Cumbria Crack

Carlisle Mencap at forefront of Treat Me Well Campaign

Treat Me Well

RESEARCH has revealed the alarming figure that there are 1,200 avoidable deaths every year of people with learning disabilities – so Carlisle Mencap will next week be at the forefront of a campaign to improve the treatment for hospital patients with a learning disability.

Carlisle Mencap will be aiming to sign up NHS staff to the Treat Me Well campaign by having a stand in the atrium at the city’s Cumberland Infirmary on Monday and Wednesday next week.

The national Treat Me Well campaign follows research from YouGov and Freedom of Information requests to NHS trusts that revealed healthcare professionals and hospital trusts have been failing to make simple, reasonable adjustments to the care of someone with a learning disability that are legal duties under the Equality Act 2010 – and can save lives.

It follows a similar drive earlier in the year in which Carlisle Mencap signed up 114 staff at the city’ infirmary to the campaign. Next week the charity hopes to get the clinical leads to sign up.

A survey of healthcare professionals in this country revealed that 45% believed a lack of proper learning disability training is contributing to the high number of avoidable deaths.

Next week’s campaign is focusing on ‘Treat Me Well Top 10 Reasonable Adjustments’ that healthcare staff can make which will help in the care of people with learning disabilities. These adjustments include speaking clearly and using simple words; always asking the person what they need; making sure people can get into and around the hospital/surgery; and working with a support worker or a family member present.

Sheila Gregory

Sheila Gregory, chief executive officer of Carlisle Mencap, said: “People with a learning disability face sharp healthcare inequalities, and more than 1,000 people with a learning disability die every year – when good healthcare could have saved their lives.

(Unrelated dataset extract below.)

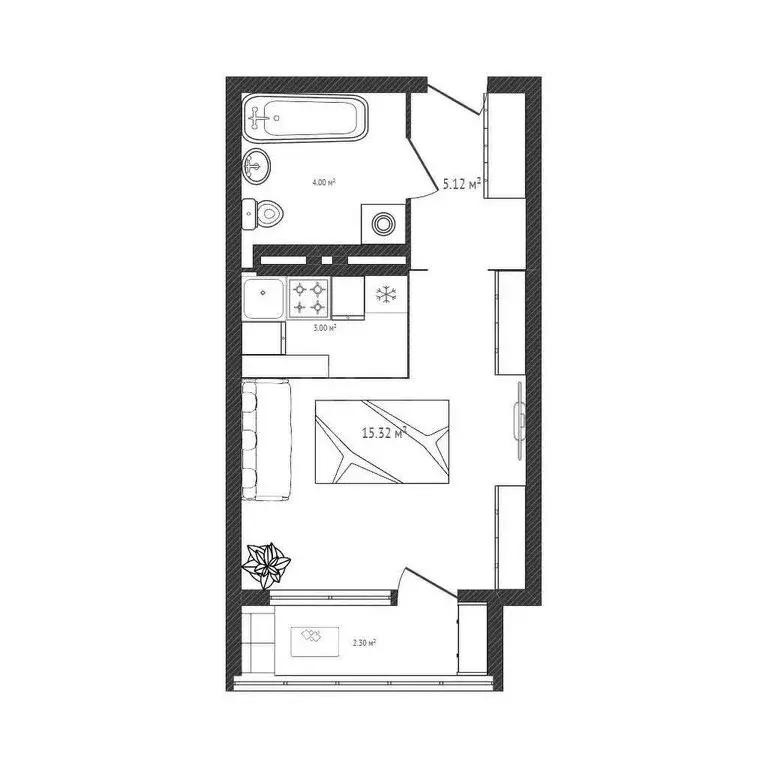 Квартира-студия: Новосибирск, Красный проспект, 180 (30.4 м) - Фото 1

“This is why we are trying to get as many healthcare staff as possible to sign up to the Treat Me Well campaign and next week we will also be aiming to engage more with staff and also senior figures like clinical leads, so we can get the vital message across that these ‘reasonable adjustments’ can be made which will remove the barriers that people with a learning disability face when they go into hospital.”

Mrs Gregory added that the nationwide campaign, when launched earlier in the year, had met with great success in Cumbria with Carlisle Mencap managing to get more health professionals signed up to Treat Me Well than any other Mencap group in the UK.